### What this task involves
Where the records contain images, omit them, and repeat everything else word for word.

### Data
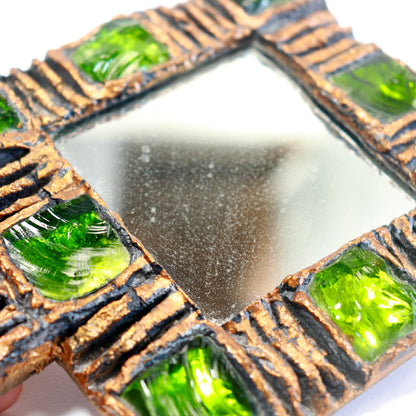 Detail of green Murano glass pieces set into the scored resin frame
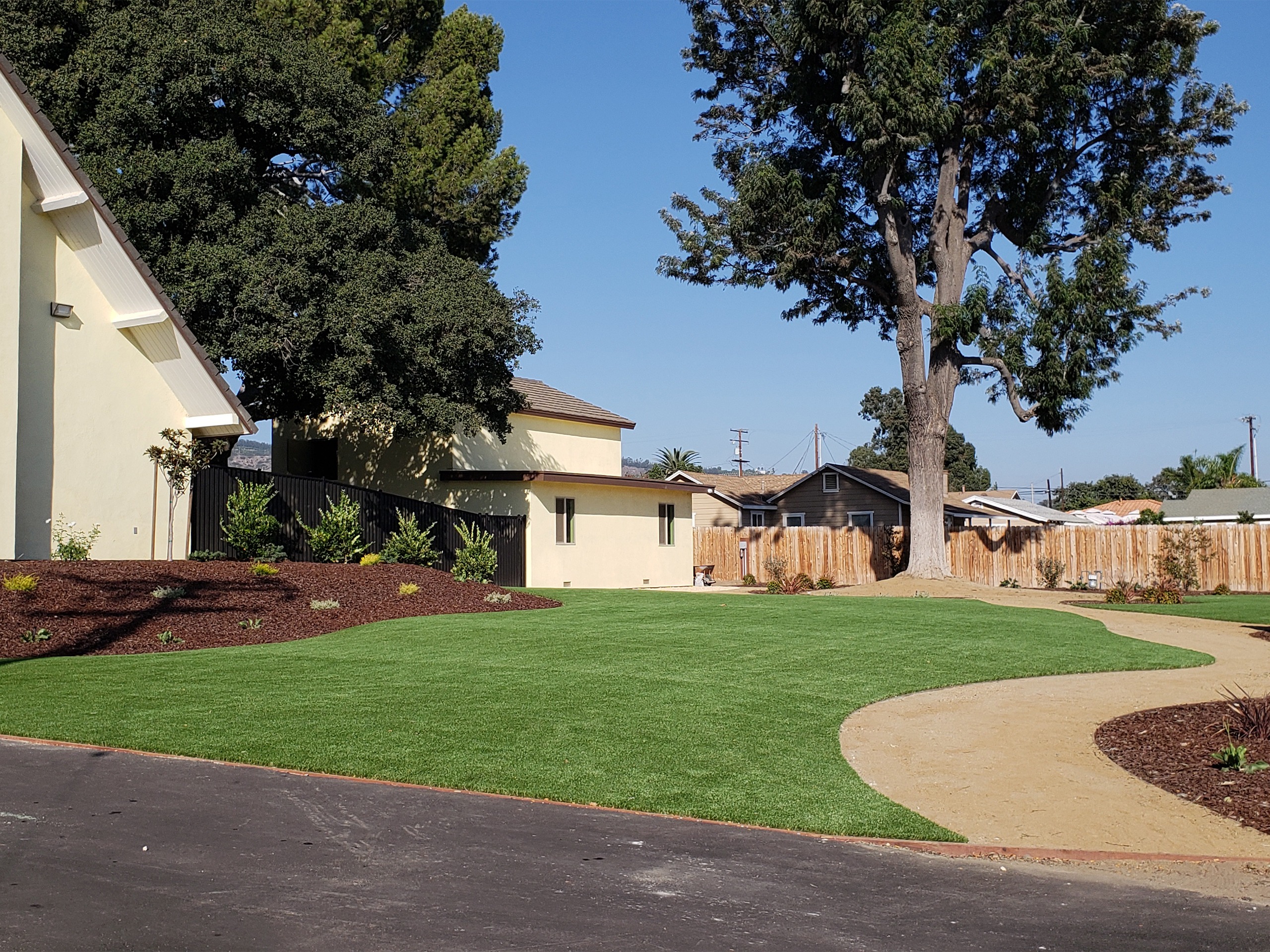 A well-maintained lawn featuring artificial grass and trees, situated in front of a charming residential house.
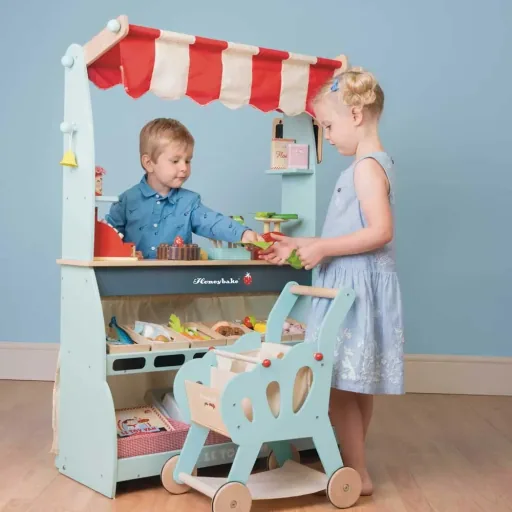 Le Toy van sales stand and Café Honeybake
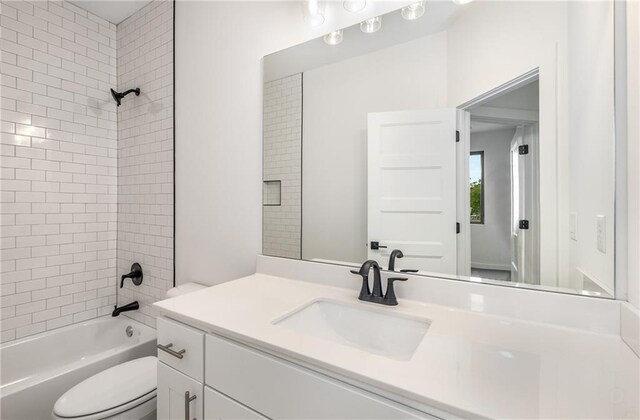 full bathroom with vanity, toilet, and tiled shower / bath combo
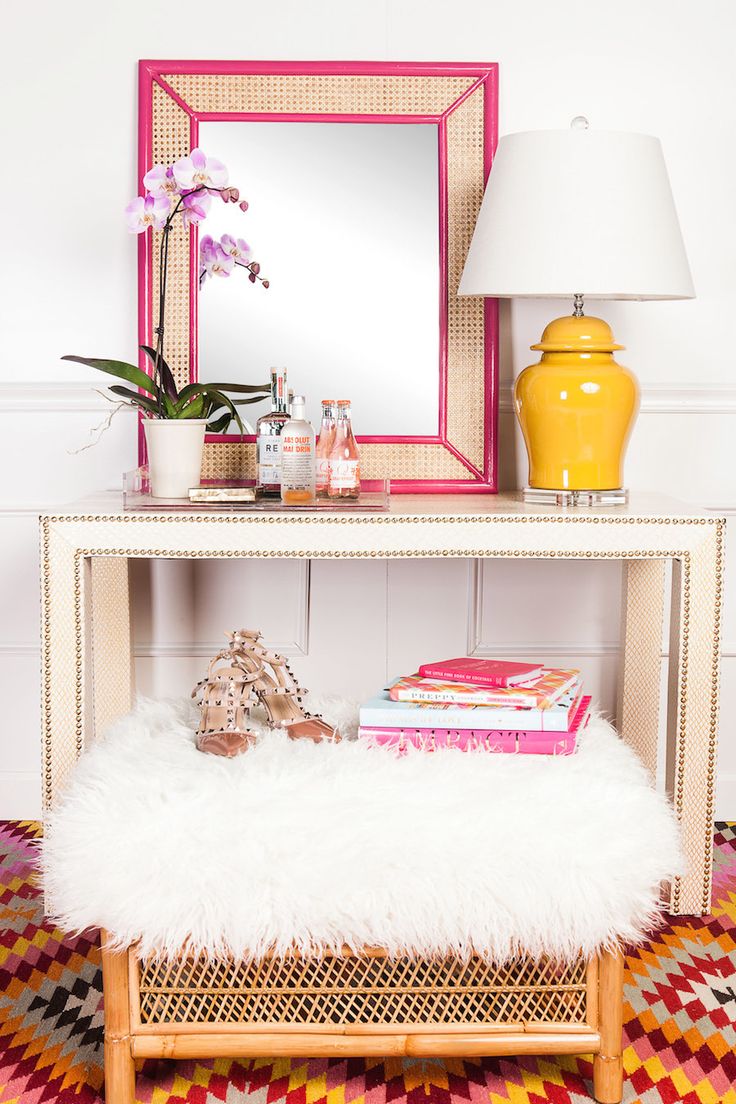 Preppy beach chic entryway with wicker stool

### Exercise answer
 Detail of green Murano glass pieces set into the scored resin frame
 A well-maintained lawn featuring artificial grass and trees, situated in front of a charming residential house.
 Le Toy van sales stand and Café Honeybake
 full bathroom with vanity, toilet, and tiled shower / bath combo
 Preppy beach chic entryway with wicker stool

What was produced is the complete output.